このロール懸垂型乾燥機は2つの部屋に分割し、前部の熱風温度を135℃、後部の熱風温度を145℃として、引取り張力を0.15MPaとして引取った。
【0099】
かくして、得られたポリカーボネートフィルムの特性は下記のとおりであった。得られたポリカーボネートフィルムの幅は1.0mであった。
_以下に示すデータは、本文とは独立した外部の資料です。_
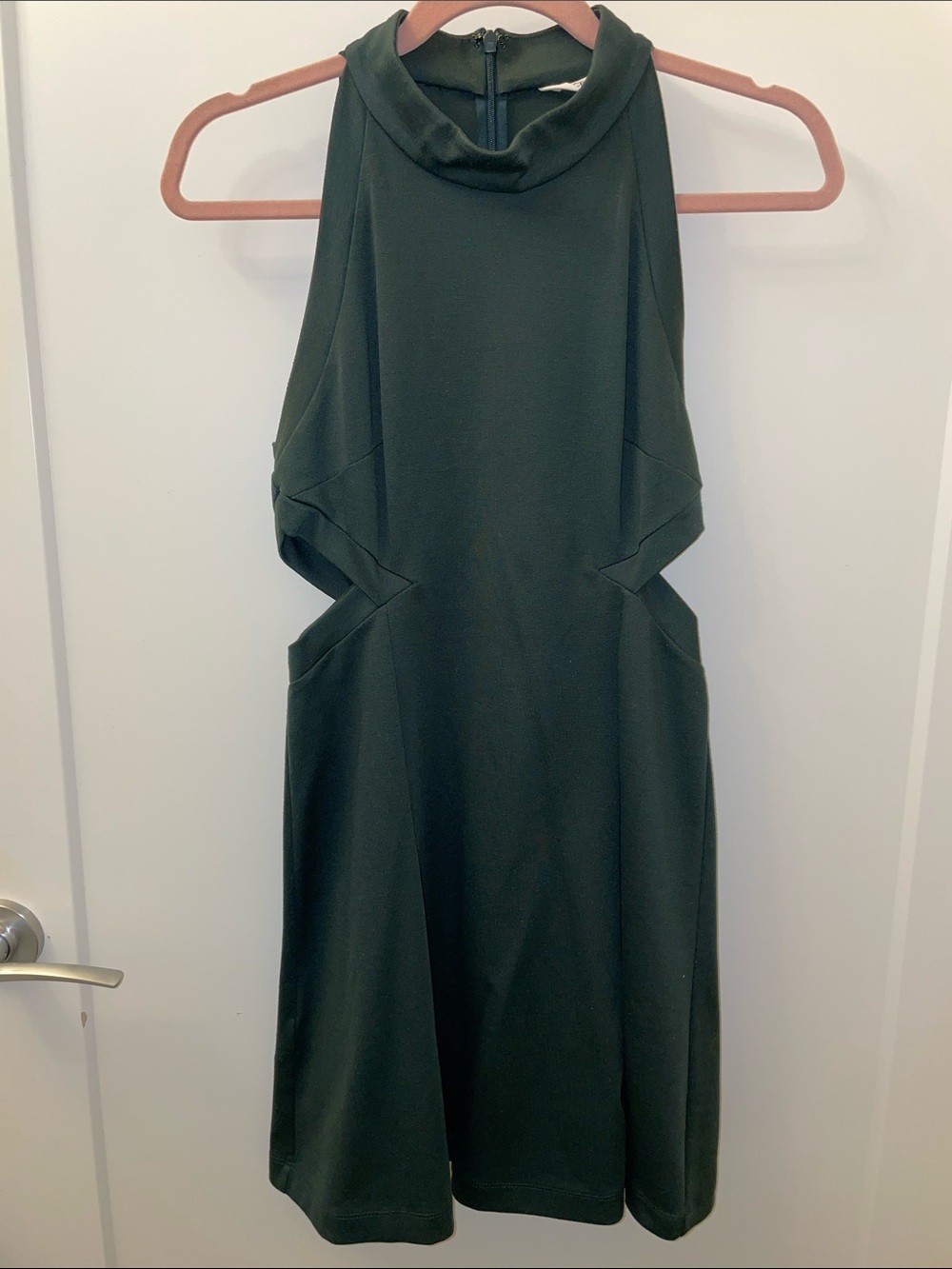 BCBGeneration Forest Green Sleeveless Cutout Mini Dress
ポリカーボネートフィルム厚みが100μm、厚み斑が2μmであった。
熱寸法変化率が0.07%、全光線透過率が90%、含有溶媒量が0.3重量%、面内リターデーション値が4〜10nm、表面粗さRaが1.8nm、K値の最大値が90nmであった。
【0100】
更に、得られたポリカーボネートフィルムをワインダーで巻取り直前に20μm厚みのポリエチレンテレフタレートフィルム(ヤング率、縦横共に5.29GPa、表面粗さRaが両面共25nm)を重ねてニップし、500mの長さにロール状に巻取って巻層体を形成した。
【0101】
この巻層体を室温に6ヶ月間保存してのち、ポリカーボネートフィルムの平坦性評価をおこなった。すなわち、巻層体からポリカーボネートフィルムを巻き戻し、表層と巻芯から250mの部分(中間層)と巻芯部とからサンプルをとった。
【0102】
サンプルはポリカーボネートフィルムの幅方向3ヵ所から切り出し合計9個を用いた。
これらのサンプルを円盤状に打ち抜き、平坦な直径12cmのガラス円盤に紫外線硬化型樹脂で貼り付けた。
こうして、透明保護層としての平坦性の評価をおこなった。
その結果、表層、中間層、巻芯部から作成した全てのポリカーボネートフィルムサンプルにおいて、光学的な歪みが全く検出されず、極めて平坦性に優れたものであった。
【0103】
[比較例1]
実施例1で作成したポリカーボネートフィルムをワインダーで巻取る際に、ポリエチレンとポリ酢酸ビニルとの共押出しフィルムからなるプロテクトフィルムをポリカーボネートフィルムの夫々に弱粘着面を重ね合わせ、ニップして積層し500mの巻層体を2つづつ作成した。
【0104】
それらをそれぞれ、実施例1のものについて巻層体A1、巻層体A2と名付けた。
【0105】
巻層体の1方である巻層体A1を直ちに解きほぐし(すなわち、ポリカーボネートフィルムとプロテクトフィルムとに剥がし)、実施例1と同様にしてポリカーボネートフィルムの平坦性の評価をおこなった。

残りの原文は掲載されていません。